Solaris 10u9, PG 8.4.6, 'c' lang function, fails on 1 of 5 servers - Mailing list pgsql-general

From dennis jenkins
Subject Solaris 10u9, PG 8.4.6, 'c' lang function, fails on 1 of 5 servers
Date
Msg-id CAAEzAp8JTS=3uprEQh=ZJS5qXrSZDGuwKjkXnq1xkaXB2KLuRw@mail.gmail.com
Whole thread Raw
Responses Re: Solaris 10u9, PG 8.4.6, 'c' lang function, fails on 1 of 5 servers
Re: Solaris 10u9, PG 8.4.6, 'c' lang function, fails on 1 of 5 servers
List pgsql-general
Hello Postgresql Community Members,

    I am stumped trying to install a few 'c' language functions
on a particular Solaris server (64-bit, amd cpu arch (not sparc)).  I actually
have 5 Postgresql servers, and the .so loads fine into 4 of them, but
refuses to load into the 5th.  I've quintuple checked the file
permissions, build of the .so, gcc versions, PostgreSQL versions,
etc...  I've had a college double check my work.  We're both stumped.
Details to follow.

    All servers are running Solaris 10u9 on 64-bit hardware inside
Solaris zones.  Two of the servers are X4720's, 144GB ram, 24 Intel
CPU cores.  These two servers run the 4 working Solaris zones that
are able to load the function implemented in the .so files.  Postgresql
version 8.4.6, compiled from source (not a binary package).

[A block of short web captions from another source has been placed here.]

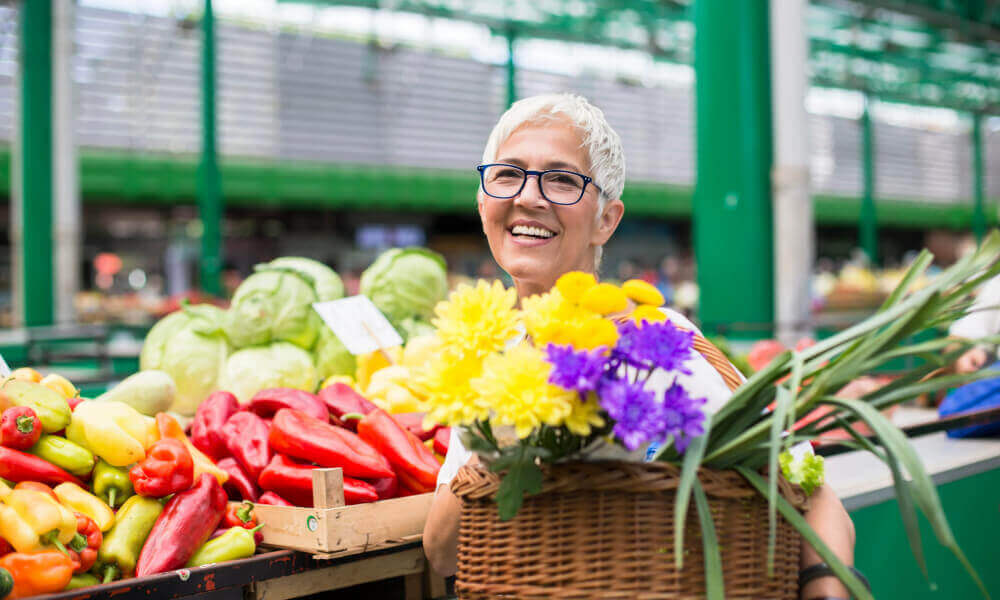 A smiling woman browses colorful fresh produce and flowers at an outdoor farmers market, reflecting the vibrant, walkable lifestyle available near senior living in Herndon, VA.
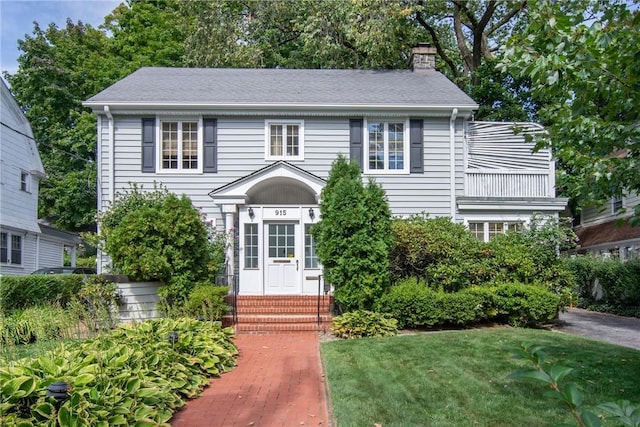 colonial home with a front yard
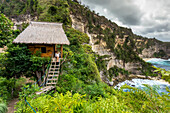 Woman sitting outside thatched roof hut on coast with cliffs, Nusa Penida, Bali, Indonesia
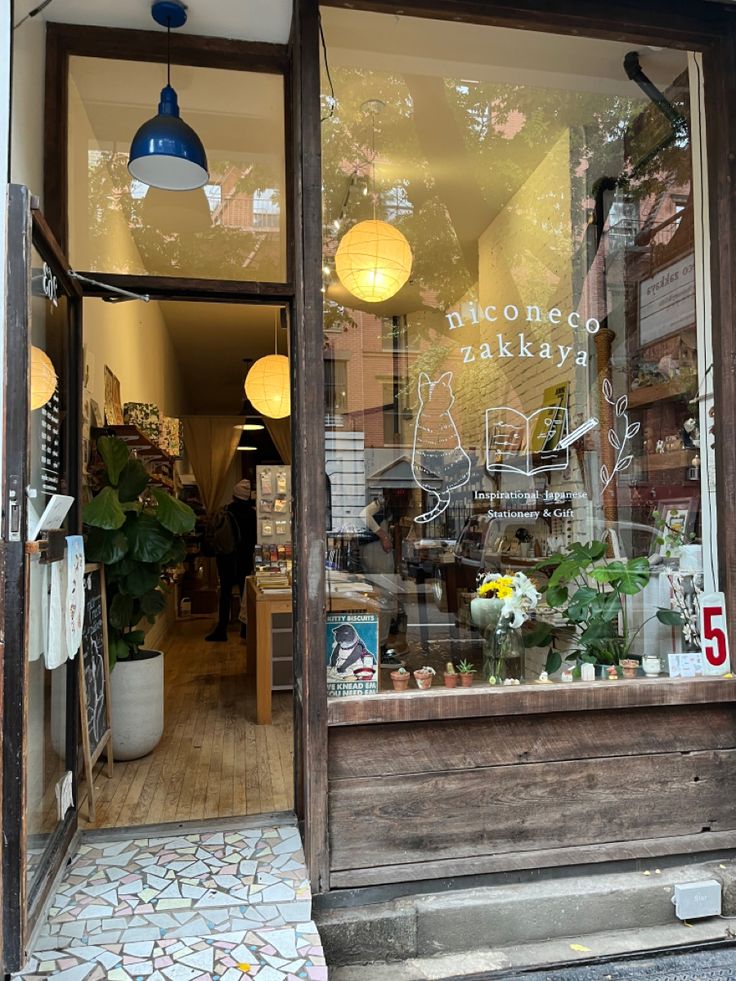 the front window of a flower shop with potted plants and lights hanging from it's windows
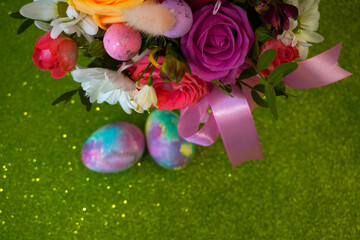 Happy easter! Flat Lay, Internet banner, postcard on Easter.  Bouquet of flowers and Easter eggs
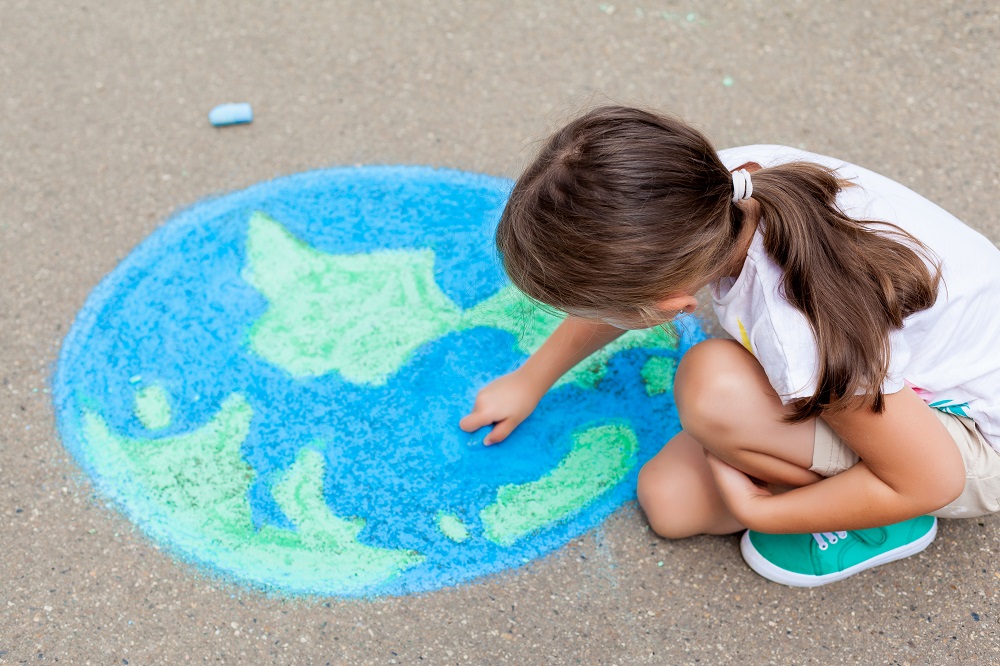 Child drawing globe on the ground with chalk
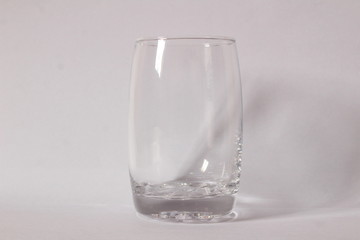 Single empty transparent / white glass with white background and shadow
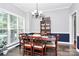 Formal dining room with hardwood floors, natural light, and elegant chandelier at 516 Aspen Ln, Indian Trail, NC 28079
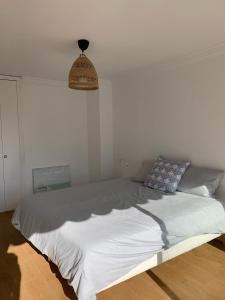 a bed in a bedroom with a white wall at Appartement LUNA - lumineux, vue mer, à 50m de la plage, climatisé et parking inclus in Cagnes-sur-Mer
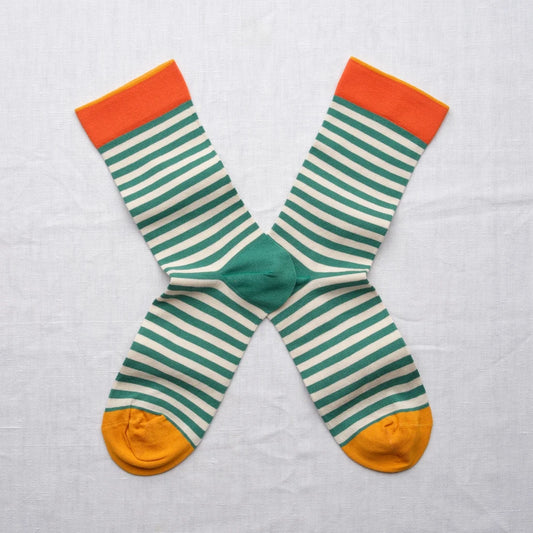 A pair of striped socks with green, orange, and yellow.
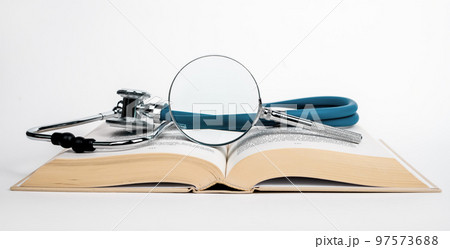 Open book with stethoscope and magnifier. Medical education concept. Conducting research in medicine field. Search of data about illnesses and cure Open book with stethoscope and magnifier. Medical education concept. Conducting research in medicine field. Search of data about illnesses and cure 97573688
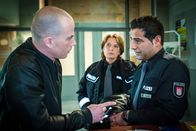 Notruf Hafenkante – Beim Verlassen des PK trifft Maslowski (Thomas Schumacher, l.) auf Tarik (Serhat Cokgezen, r.) und beleidigt ihn mit rassistischen Sprüchen. Claudia (Janette Rauch, M.) beobachtet die beiden.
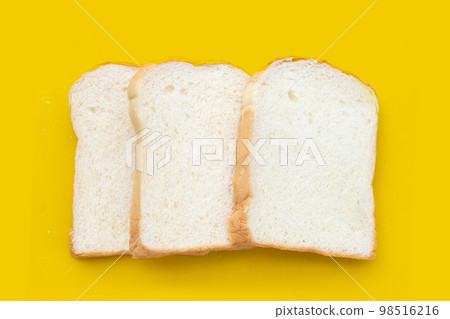 Stack of sliced bread on yellow background. Stack of sliced bread on yellow background. 98516216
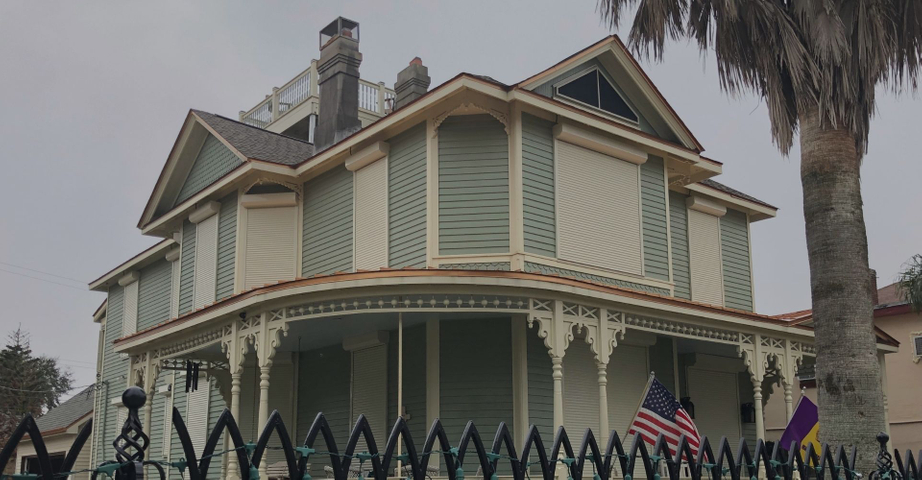 An image of a house with shutters from Houston Hurricane & Security Products.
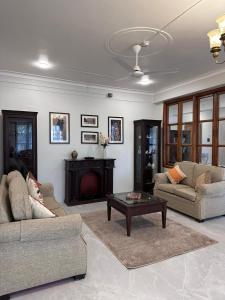 a living room with two couches and a fireplace at GG in Imphal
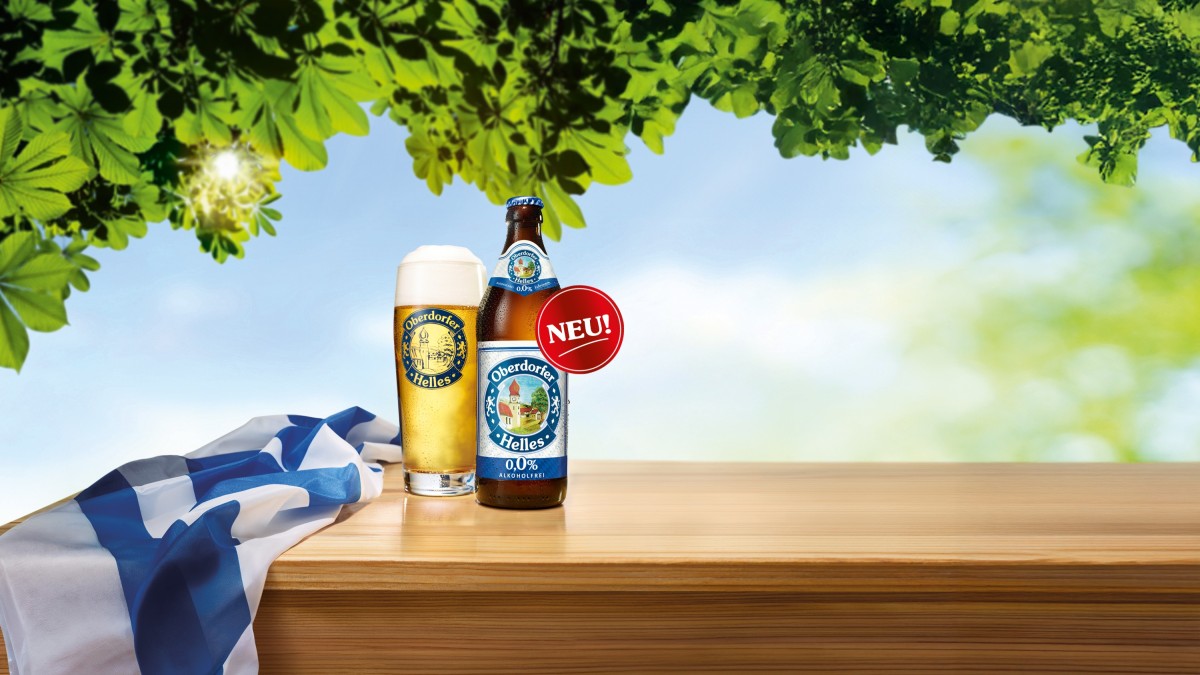 Zwei Bierflaschen neben gefüllten Biergläsern stehen auf einem Holztisch im Freien, umgeben von grüner Natur und Sonnenlicht.
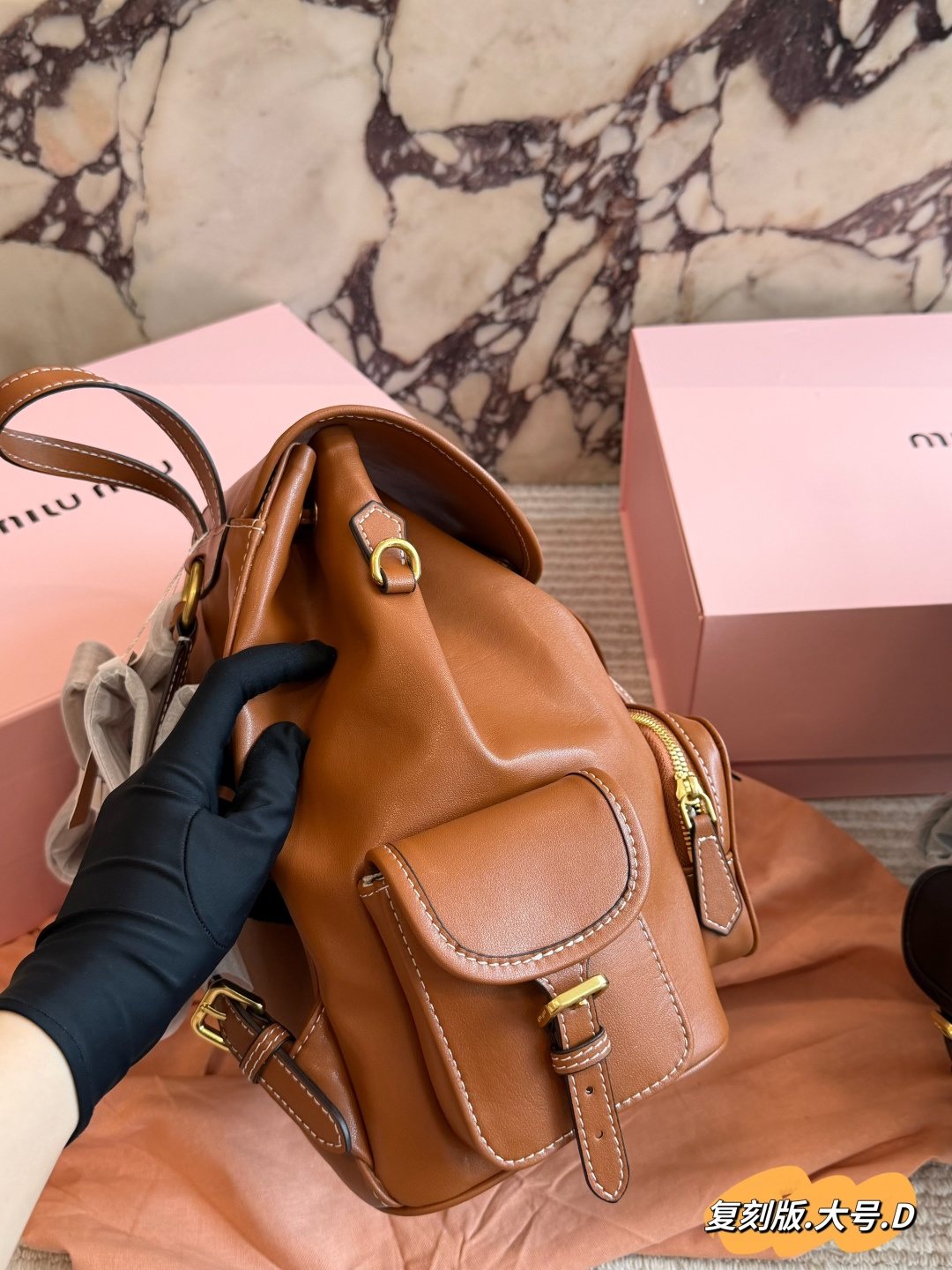 Miu Miu Buckled Flap Backpack — side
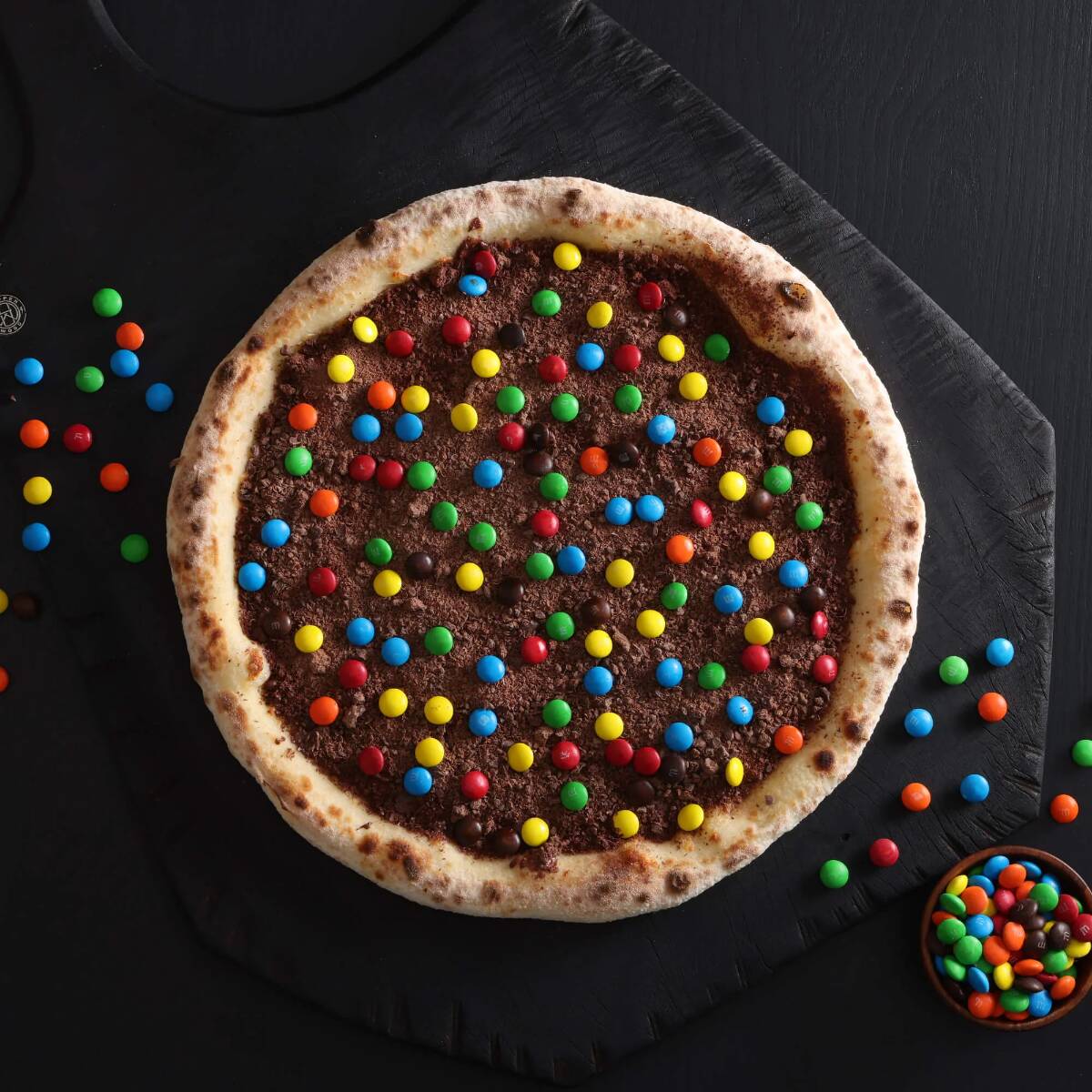 Uma "Explosão de Alegria": a base clássica de muçarela encontra o derretimento das raspas de chocolate, o crocante dos confetes e o toque final de leite condensado. O equilíbrio perfeito entre o salgadinho e o doce extremo!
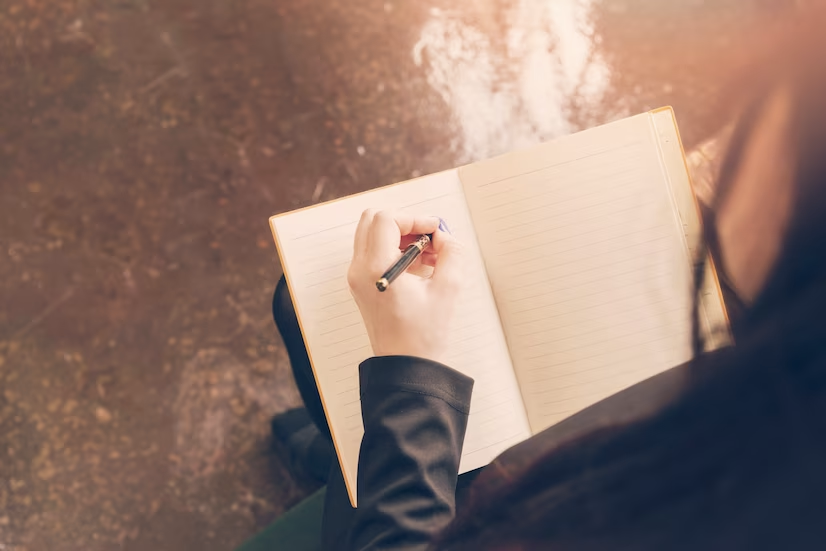 mão branca e feminina apoia caneta sob uma folha em branco de caderno em algum ambiente externo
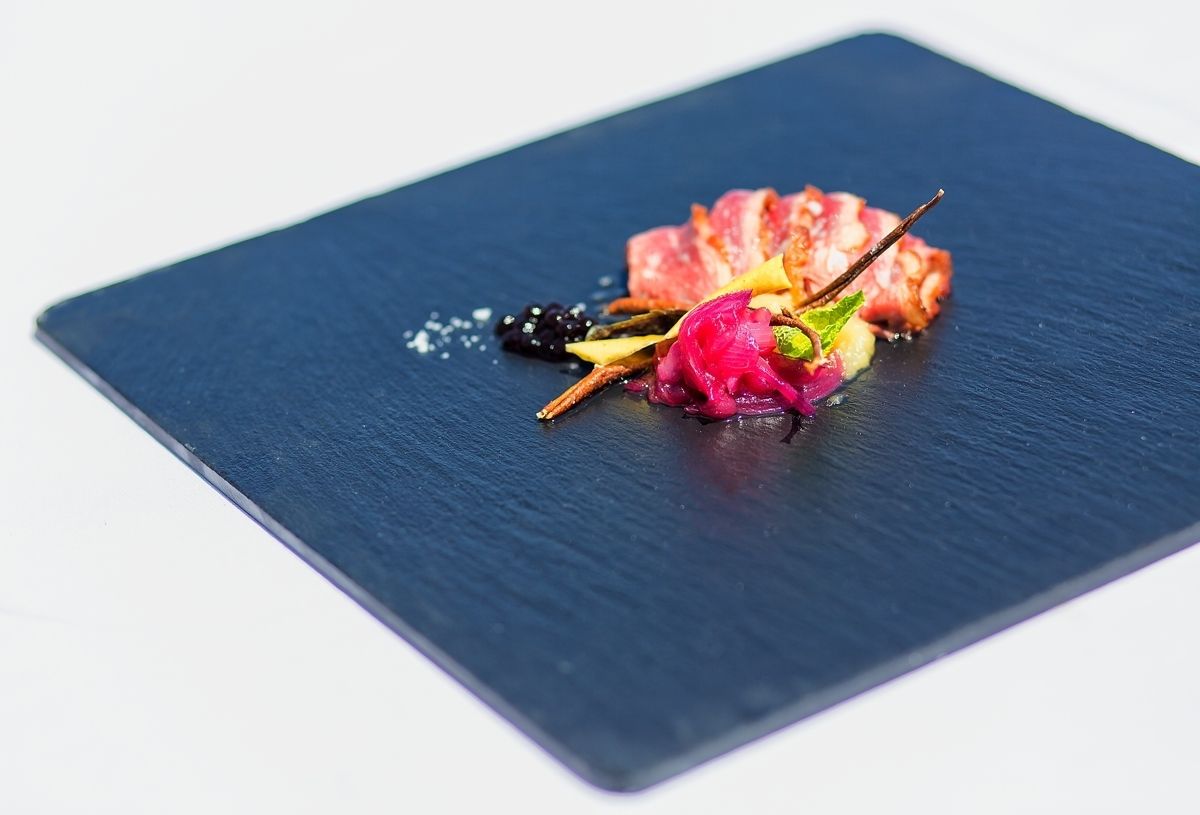 Une assiette carrée à fond bleu foncé, contenant un morceau de viande rose, quelques mûres et une garniture d’oignon rouge et d’herbes vertes.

    The server that is misbehaving is an X4600, 128 GB ram, 16 AMD CPU
cores, but otherwise identical: Solaris 10u9, 64-bit OS, Postgresql
8.4.6.  All 5 systems use the stock gcc that ships with Solaris (v3.4.3,
its old, I know).

    The permissions on the files and Postgresql directories.  First the
a working server, then the server that is not working as expected.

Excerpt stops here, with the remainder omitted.